A healthy reserve should help the Bainbridge Island School District weather a year of minor deficit spending.
A draft budget for fiscal year 2003-2004 shows the district running down its bank account by about $168,000, to cover an estimated $28.6 million in general operating expenditures.
Bucking a trend of cutbacks and other difficulties in school districts around the state, the budget represents a continuation of current programs and actually bolsters special education.
“In current times, that’s pretty good news,” said Ken Crawford, superintendent of schools. “Our effort in building the budget was to maintain and sustain.”
The school board will take public comment on the budget at this week’s meeting.
The budget effort reconciles waning state funding against higher district costs in such areas as insurance, and a goal of maintaining current class sizes.
The numbers assume a 1.2 percent enrollment increase – to a headcount of 4,080 – in the coming year, which Crawford described as a conservative projection.
With the state “basic education apportionment” based on enrollment, guessing low is a hedge against the financial problems that assailed the Bainbridge district several years ago. Budgeting for more students than actually showed up, the district found itself overstaffed and underfunded.
Revenue-wise, about $7.1 million will come in from local tax and non-tax sources, following overwhelming support for a four-year Bainbridge school levy last fall.
The balance comes from state and federal sources, increasingly troubled terrain. The Bainbridge district loses about $375,000 in state funding this year, thanks to budget woes in Olympia.
About $200,000 of that has been made up by local contributions to the Bainbridge Public Schools Trust, formed last year to find alternative funding sources to keep class sizes down and keep instructors in the district.
Students will bear part of the burden themselves, paying higher activity fees and more for a la carte lunch items at the high school.
On the expenditures side, the district will add three or four staff members in the growing special education programs, and several FTE in elementary education.
The district has earmarked additional transportation funds, as school buses begin running on cleaner burning – but somewhat more expensive – bio-fuels.
About $125,000 is set aside for the first phase of a two-year plan to select a new, district-wide science curriculum.

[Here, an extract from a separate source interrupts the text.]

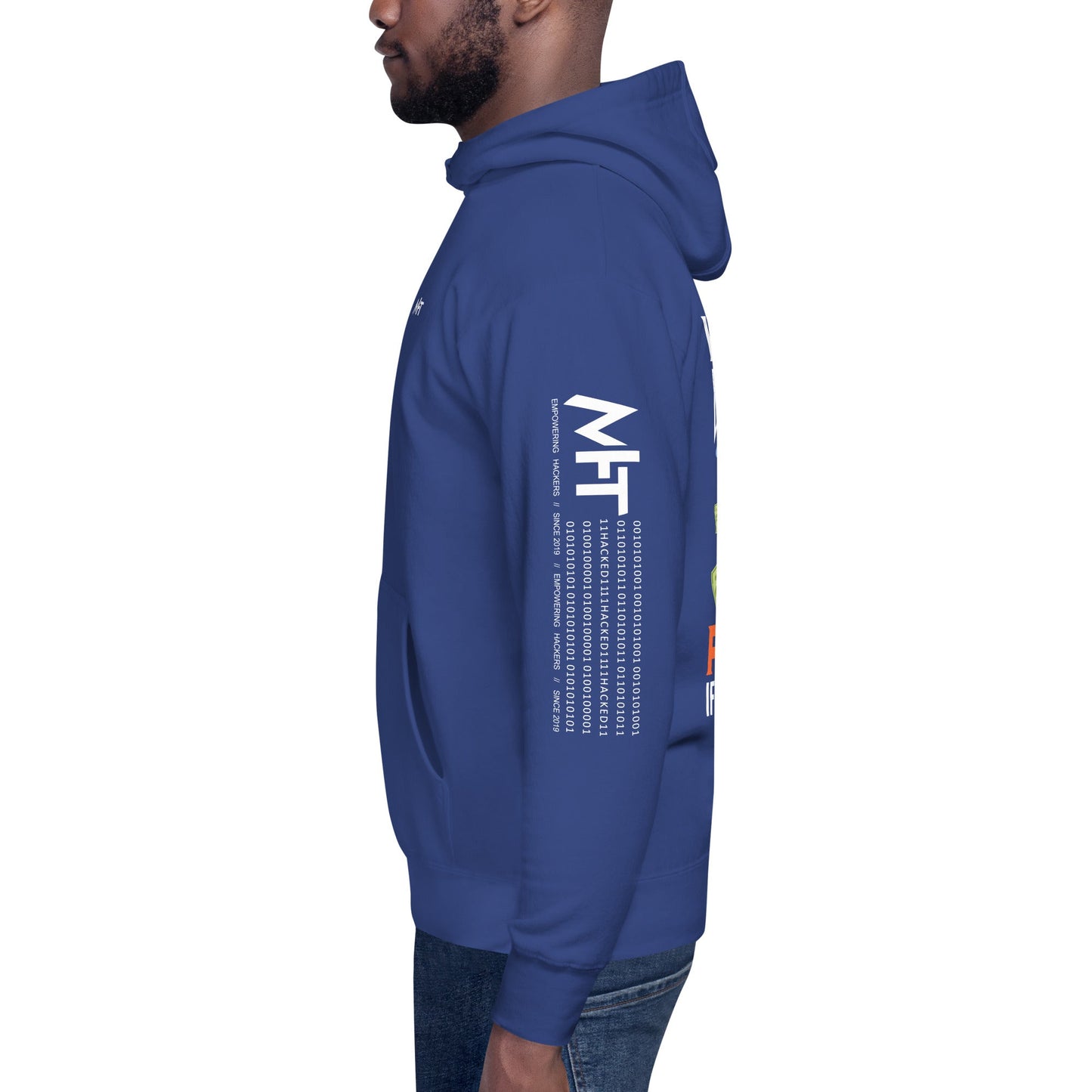 It's only a Gambling Problem, if I am losing V1 - Unisex Hoodie ( Back Print ) by DarkByteGear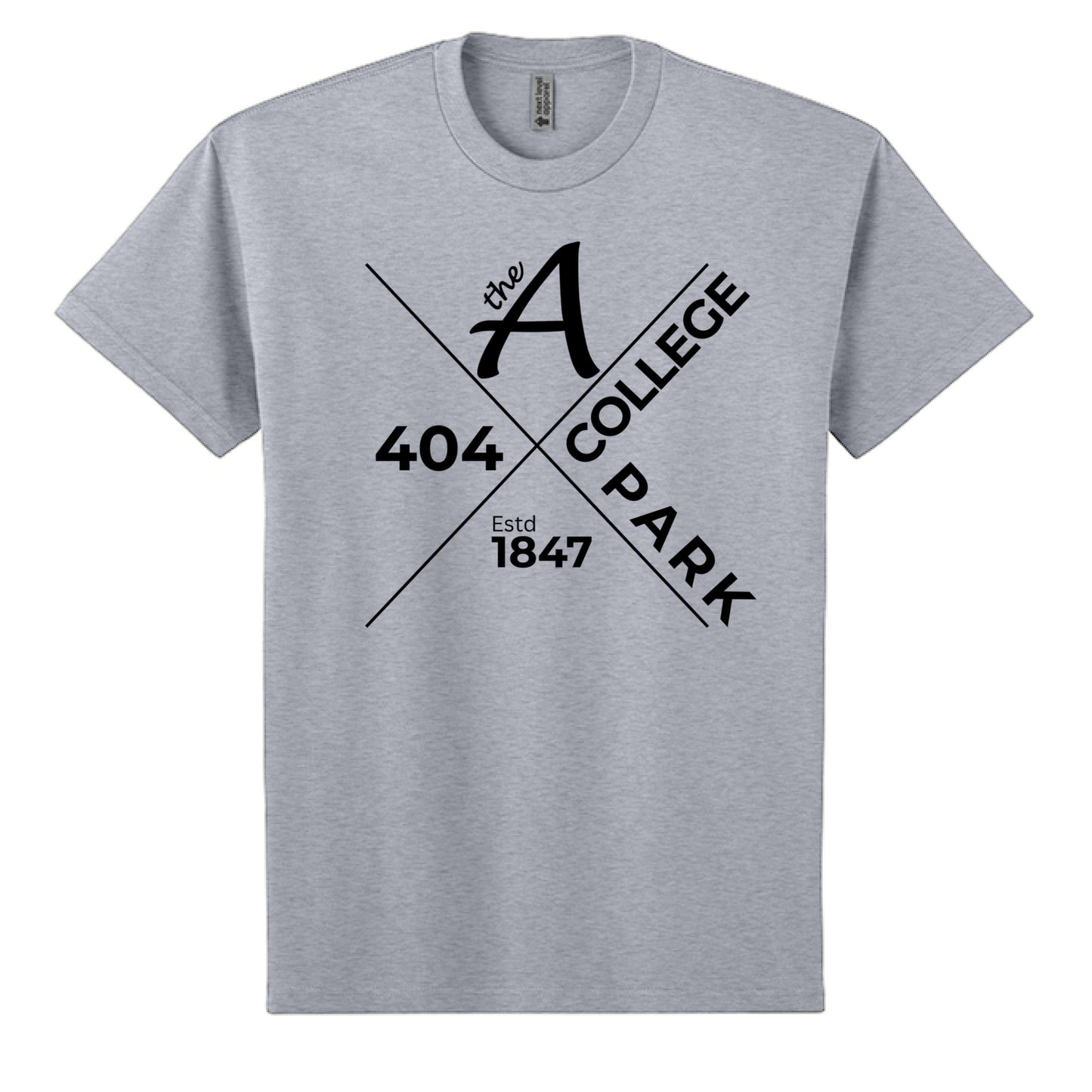 Heather Grey - FRONT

Once a program is identified, materials would be purchased for the 2004-05 school year.
The budget also earmarks some funds for a possible special election next year, as the school board is considering a special levy for technology upgrades.
The “tech levy” – the district’s first since 1997 – would go to instruction-oriented classroom improvements, Crawford said.
Even with the spend-down, the district will be left with a fund reserve of about 3.75 percent.
“I think generally, our budget is in good shape because we have worked to build the reserve over the past three years,” Crawford said. “We haven’t been in deficit spending until this year, and we have the charitable help of the Trust.”